(Short descriptive text snippets)
════

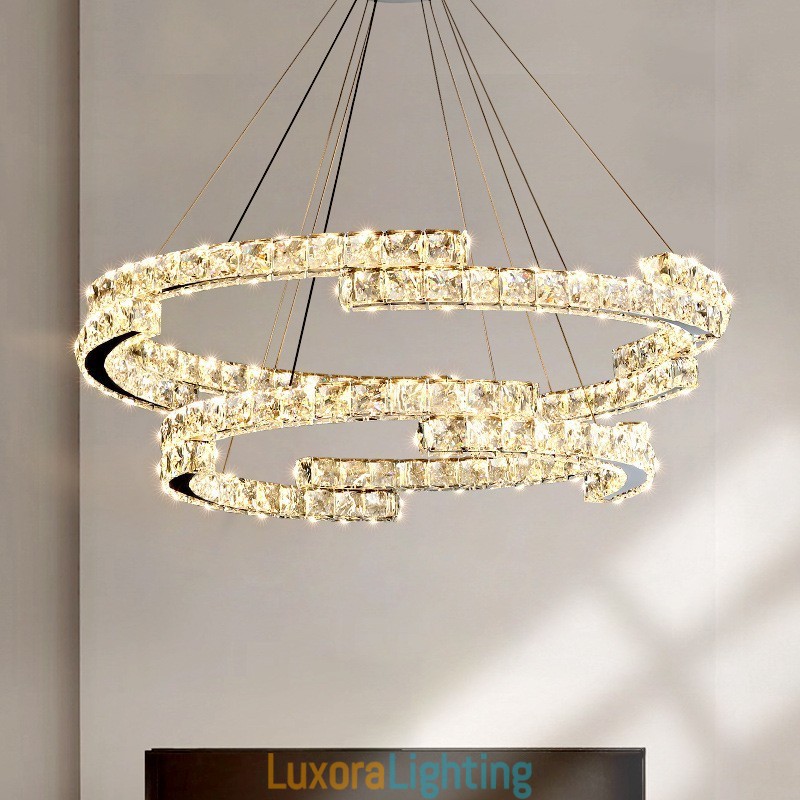 Designer Touch Decorative Round Crystal Pendant Light Luxury K9 Crystal Indoor Ceiling Luminaire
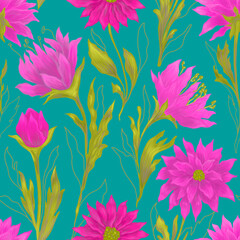 Fototapeta na wymiar Beautifull seamless pattern with violet dahlia on a turquoise background. Botanical illustration. Fabric, textile design.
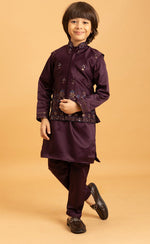 Amazing Voilet Color Satin Fabric Boys Kurta Pajama and Jacket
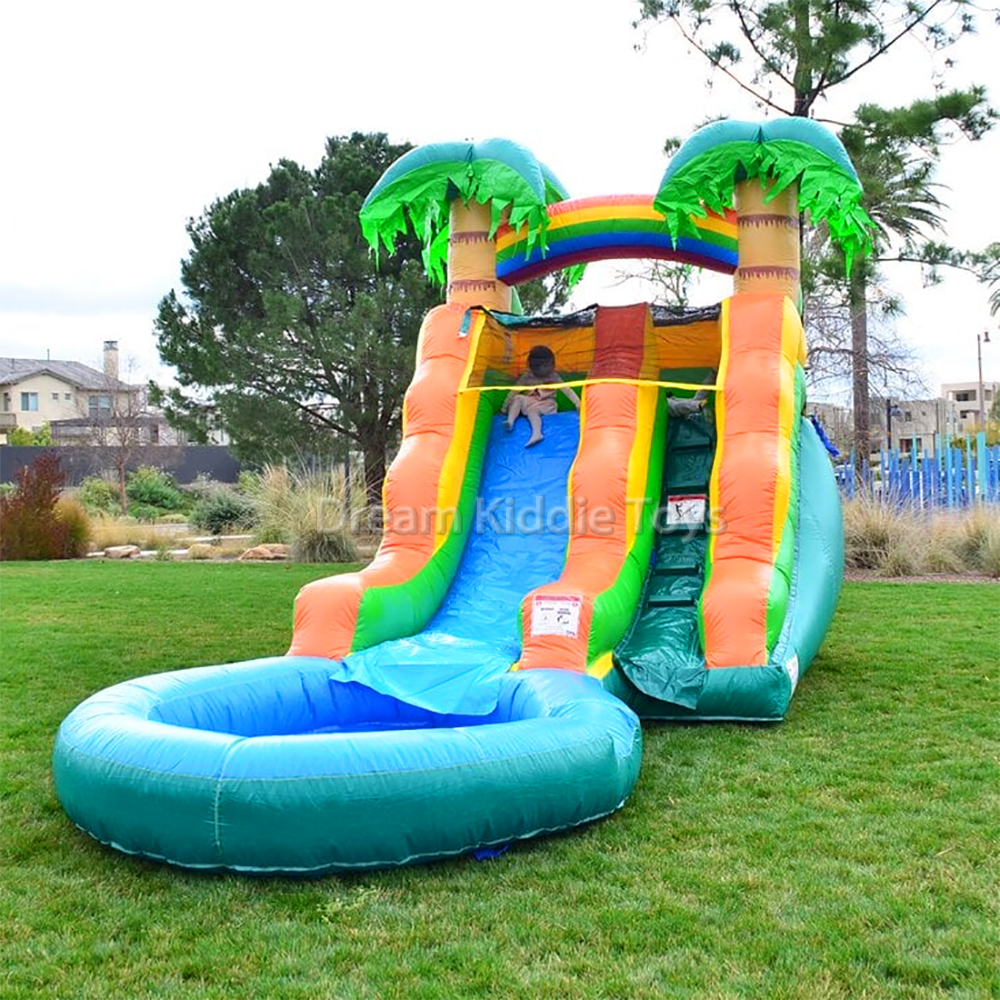Palm Tree Mini Inflatable Bouncy Water Slide Park Splash Pool Backyard Children Water Slide For Kids Outdoor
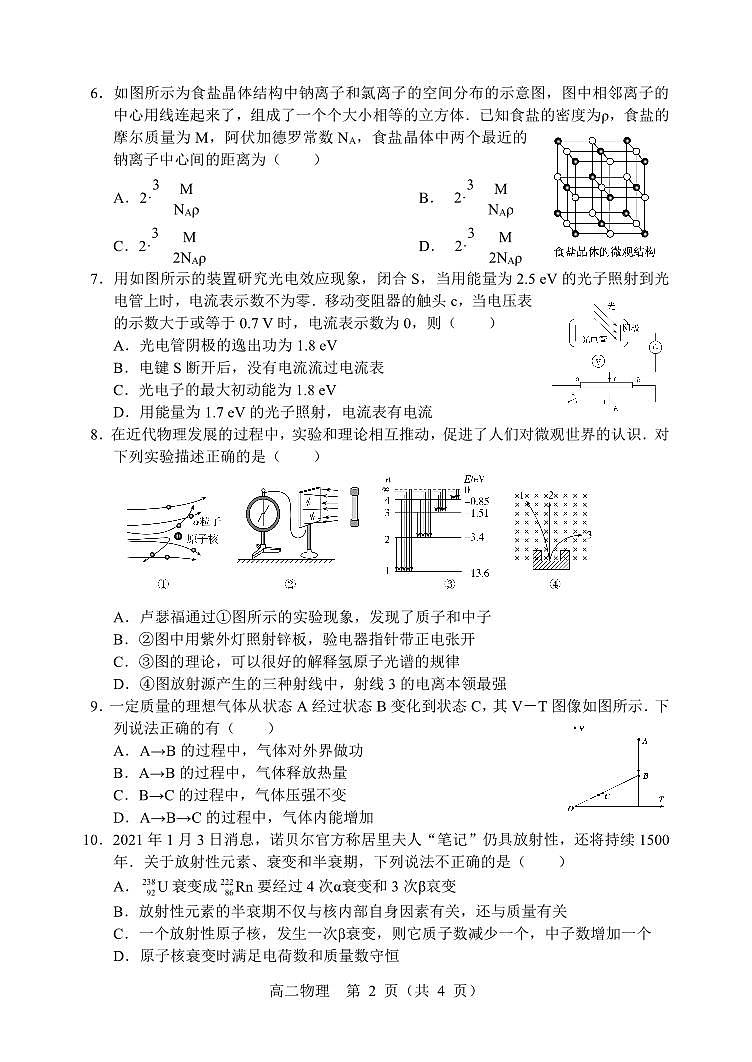 2021-2022学年辽宁省沈阳市重点高中高二下学期期中考试物理试题（PDF版）第2页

════

> **TASK STATEMENT**
Could you write out exactly the lines running from the one with "Palm Tree Mini" through the last line of the data above, both ends kept, and omit any picture?

> **ANSWER**
Palm Tree Mini Inflatable Bouncy Water Slide Park Splash Pool Backyard Children Water Slide For Kids Outdoor
 2021-2022学年辽宁省沈阳市重点高中高二下学期期中考试物理试题（PDF版）第2页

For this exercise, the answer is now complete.